In mathematics, particularly linear algebra and numerical analysis, the Gram–Schmidt process is a method for orthonormalising a set of vectors in an inner product space, most commonly the Euclidean space Rn. The Gram–Schmidt process takes a finite, linearly independent set S = {v1, ..., vk} for kn and generates an orthogonal set S′ = {u1, ..., uk} that spans the same k-dimensional subspace of Rn as S.

The method is named after Jørgen Pedersen Gram and Erhard Schmidt but it appeared earlier in the work of Laplace and Cauchy.
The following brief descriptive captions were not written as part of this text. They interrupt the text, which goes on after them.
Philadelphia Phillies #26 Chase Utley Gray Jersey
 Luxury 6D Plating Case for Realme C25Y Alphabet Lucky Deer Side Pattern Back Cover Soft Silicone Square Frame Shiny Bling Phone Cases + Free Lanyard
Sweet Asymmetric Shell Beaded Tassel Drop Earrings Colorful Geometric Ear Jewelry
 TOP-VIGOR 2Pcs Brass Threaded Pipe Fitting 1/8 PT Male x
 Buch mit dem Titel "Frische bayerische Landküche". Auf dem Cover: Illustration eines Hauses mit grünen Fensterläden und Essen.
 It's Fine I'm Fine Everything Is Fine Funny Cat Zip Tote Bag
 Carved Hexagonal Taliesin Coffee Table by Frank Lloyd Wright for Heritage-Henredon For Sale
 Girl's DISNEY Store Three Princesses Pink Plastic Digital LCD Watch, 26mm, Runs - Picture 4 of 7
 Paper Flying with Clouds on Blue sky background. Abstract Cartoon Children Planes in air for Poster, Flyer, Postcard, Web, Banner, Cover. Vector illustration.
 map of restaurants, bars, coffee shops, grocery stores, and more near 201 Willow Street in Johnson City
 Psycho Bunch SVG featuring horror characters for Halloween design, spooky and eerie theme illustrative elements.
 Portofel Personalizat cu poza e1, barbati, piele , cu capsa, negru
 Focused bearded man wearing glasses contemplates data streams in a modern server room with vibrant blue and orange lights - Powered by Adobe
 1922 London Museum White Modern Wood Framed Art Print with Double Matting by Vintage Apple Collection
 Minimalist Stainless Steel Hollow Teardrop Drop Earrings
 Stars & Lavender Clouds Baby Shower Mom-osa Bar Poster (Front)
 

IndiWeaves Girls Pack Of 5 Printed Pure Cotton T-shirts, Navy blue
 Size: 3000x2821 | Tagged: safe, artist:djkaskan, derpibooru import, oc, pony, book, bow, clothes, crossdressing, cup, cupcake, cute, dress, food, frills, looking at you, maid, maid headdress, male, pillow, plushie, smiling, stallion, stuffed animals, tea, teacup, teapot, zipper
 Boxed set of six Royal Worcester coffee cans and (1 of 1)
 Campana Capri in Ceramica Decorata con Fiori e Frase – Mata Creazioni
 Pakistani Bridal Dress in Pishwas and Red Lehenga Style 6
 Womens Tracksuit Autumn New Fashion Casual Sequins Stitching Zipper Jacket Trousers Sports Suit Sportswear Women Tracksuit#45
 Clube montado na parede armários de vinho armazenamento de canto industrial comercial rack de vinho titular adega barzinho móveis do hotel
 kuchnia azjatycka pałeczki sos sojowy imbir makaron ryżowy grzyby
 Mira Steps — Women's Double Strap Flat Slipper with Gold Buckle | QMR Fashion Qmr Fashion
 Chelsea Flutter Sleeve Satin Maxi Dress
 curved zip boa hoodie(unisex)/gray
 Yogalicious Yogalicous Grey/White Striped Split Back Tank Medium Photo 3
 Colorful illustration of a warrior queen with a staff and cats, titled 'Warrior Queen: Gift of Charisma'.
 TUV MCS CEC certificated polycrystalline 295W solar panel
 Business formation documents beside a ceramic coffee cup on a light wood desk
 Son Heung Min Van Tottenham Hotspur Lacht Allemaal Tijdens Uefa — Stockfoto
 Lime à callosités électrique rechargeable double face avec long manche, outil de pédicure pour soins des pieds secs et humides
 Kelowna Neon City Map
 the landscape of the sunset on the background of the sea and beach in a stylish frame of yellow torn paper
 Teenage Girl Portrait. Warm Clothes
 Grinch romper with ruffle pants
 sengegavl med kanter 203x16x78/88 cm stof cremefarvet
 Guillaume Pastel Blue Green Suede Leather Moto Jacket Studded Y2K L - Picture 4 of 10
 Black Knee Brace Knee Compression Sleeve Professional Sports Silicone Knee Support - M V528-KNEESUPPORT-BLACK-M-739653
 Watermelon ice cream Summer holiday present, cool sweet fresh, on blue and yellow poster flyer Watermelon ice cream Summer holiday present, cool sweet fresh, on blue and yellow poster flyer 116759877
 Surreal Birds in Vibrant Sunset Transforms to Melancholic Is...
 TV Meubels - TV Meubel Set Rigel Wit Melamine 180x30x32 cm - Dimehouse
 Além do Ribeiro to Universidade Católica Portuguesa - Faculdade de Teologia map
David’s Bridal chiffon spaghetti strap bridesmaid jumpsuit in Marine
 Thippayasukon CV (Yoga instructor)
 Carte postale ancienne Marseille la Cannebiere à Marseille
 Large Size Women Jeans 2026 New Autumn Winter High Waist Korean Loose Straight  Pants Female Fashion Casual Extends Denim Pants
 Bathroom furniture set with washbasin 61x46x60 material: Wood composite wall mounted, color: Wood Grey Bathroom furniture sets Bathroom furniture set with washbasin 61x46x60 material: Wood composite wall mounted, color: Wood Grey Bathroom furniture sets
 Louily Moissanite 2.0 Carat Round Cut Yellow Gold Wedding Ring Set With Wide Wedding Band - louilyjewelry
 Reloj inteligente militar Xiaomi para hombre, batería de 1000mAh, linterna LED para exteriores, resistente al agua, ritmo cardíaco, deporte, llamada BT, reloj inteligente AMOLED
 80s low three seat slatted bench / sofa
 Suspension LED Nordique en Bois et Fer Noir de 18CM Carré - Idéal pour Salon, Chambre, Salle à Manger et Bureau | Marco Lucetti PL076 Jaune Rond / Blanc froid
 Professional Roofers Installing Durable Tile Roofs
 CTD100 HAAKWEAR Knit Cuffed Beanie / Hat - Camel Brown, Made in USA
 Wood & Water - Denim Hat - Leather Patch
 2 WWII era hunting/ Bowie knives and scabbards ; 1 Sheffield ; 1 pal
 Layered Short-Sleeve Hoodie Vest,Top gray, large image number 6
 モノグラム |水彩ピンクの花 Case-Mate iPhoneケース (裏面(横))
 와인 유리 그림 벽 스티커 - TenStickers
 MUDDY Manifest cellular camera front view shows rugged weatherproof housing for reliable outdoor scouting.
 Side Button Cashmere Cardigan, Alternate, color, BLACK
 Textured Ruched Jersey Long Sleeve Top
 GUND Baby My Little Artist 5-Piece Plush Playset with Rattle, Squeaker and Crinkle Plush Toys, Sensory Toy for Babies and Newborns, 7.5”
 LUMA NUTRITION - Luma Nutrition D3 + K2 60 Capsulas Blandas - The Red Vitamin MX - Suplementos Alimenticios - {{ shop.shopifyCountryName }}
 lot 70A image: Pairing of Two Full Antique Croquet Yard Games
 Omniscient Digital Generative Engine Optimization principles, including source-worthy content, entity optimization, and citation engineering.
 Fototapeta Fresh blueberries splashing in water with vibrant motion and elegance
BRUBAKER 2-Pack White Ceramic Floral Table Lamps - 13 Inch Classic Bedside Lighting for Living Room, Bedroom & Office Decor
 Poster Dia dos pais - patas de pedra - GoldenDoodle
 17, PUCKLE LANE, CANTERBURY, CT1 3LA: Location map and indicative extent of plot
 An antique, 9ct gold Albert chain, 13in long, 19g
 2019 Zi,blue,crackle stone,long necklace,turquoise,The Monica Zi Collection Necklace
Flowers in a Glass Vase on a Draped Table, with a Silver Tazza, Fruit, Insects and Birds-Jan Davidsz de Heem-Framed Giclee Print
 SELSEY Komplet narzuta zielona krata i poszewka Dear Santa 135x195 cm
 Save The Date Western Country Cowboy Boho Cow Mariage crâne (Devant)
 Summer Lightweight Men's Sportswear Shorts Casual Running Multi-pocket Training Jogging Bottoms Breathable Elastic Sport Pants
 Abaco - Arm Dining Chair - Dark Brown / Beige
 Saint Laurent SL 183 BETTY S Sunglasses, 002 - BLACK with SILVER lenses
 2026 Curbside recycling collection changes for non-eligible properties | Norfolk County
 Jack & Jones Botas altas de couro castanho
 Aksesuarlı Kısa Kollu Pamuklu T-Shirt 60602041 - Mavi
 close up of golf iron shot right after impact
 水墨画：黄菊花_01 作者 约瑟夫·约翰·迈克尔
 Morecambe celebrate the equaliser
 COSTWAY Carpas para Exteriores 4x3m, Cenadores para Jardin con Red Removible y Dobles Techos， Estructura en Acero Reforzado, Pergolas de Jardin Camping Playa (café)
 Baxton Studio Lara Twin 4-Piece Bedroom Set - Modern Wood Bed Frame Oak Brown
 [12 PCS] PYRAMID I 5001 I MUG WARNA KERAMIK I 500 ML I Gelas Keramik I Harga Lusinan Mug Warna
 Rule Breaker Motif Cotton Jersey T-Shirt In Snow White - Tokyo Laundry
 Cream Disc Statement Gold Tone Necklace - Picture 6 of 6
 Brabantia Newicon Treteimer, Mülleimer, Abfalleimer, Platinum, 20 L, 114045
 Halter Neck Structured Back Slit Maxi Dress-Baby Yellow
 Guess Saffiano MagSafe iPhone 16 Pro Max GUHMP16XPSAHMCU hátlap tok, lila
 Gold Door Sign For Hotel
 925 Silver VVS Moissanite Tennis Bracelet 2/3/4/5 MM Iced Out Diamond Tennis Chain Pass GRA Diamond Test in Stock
In the theory of Lie group decompositions it is generalized by the Iwasawa decomposition.[1]

The application of the Gram–Schmidt process to the column vectors of a full column rank matrix yields the QR decomposition (it is decomposed into an orthogonal and a triangular matrix).

The Gram–Schmidt process[edit]

The Gram-Schmidt process being executed on three linearly independent, non-orthogonal vectors of a basis for R3. Click on image for details.

We define the projection operator by

\mathrm{proj}_{\mathbf{u}}\,(\mathbf{v}) = {\langle \mathbf{u}, \mathbf{v}\rangle\over\langle \mathbf{u}, \mathbf{u}\rangle}\mathbf{u} ,

where \langle \mathbf{u}, \mathbf{v}\rangle denotes the inner product of the vectors u and v. This operator projects the vector v orthogonally onto the line spanned by vector u. If u=0, we define \mathrm{proj}_0\,(\mathbf{v}) := 0. i.e., the projection map \mathrm{proj}_0 is the zero map, sending every vector to the zero vector.

The Gram–Schmidt process then works as follows:


\begin{align}
\mathbf{u}_1 & = \mathbf{v}_1, & \mathbf{e}_1 & = {\mathbf{u}_1 \over \|\mathbf{u}_1\|} \\
\mathbf{u}_2 & = \mathbf{v}_2-\mathrm{proj}_{\mathbf{u}_1}\,(\mathbf{v}_2),
& \mathbf{e}_2 & = {\mathbf{u}_2 \over \|\mathbf{u}_2\|} \\
\mathbf{u}_3 & = \mathbf{v}_3-\mathrm{proj}_{\mathbf{u}_1}\,(\mathbf{v}_3)-\mathrm{proj}_{\mathbf{u}_2}\,(\mathbf{v}_3), & \mathbf{e}_3 & = {\mathbf{u}_3 \over \|\mathbf{u}_3\|} \\
\mathbf{u}_4 & = \mathbf{v}_4-\mathrm{proj}_{\mathbf{u}_1}\,(\mathbf{v}_4)-\mathrm{proj}_{\mathbf{u}_2}\,(\mathbf{v}_4)-\mathrm{proj}_{\mathbf{u}_3}\,(\mathbf{v}_4), & \mathbf{e}_4 & = {\mathbf{u}_4 \over \|\mathbf{u}_4\|} \\
& {}\ \  \vdots & & {}\ \  \vdots \\
\mathbf{u}_k & = \mathbf{v}_k-\sum_{j=1}^{k-1}\mathrm{proj}_{\mathbf{u}_j}\,(\mathbf{v}_k), & \mathbf{e}_k & = {\mathbf{u}_k\over \|\mathbf{u}_k \|}.
\end{align}

The sequence u1, ..., uk is the required system of orthogonal vectors, and the normalized vectors e1, ..., ek form an orthonormal set. The calculation of the sequence u1, ..., uk is known as Gram–Schmidt orthogonalization, while the calculation of the sequence e1, ..., ek is known as Gram–Schmidt orthonormalization as the vectors are normalized.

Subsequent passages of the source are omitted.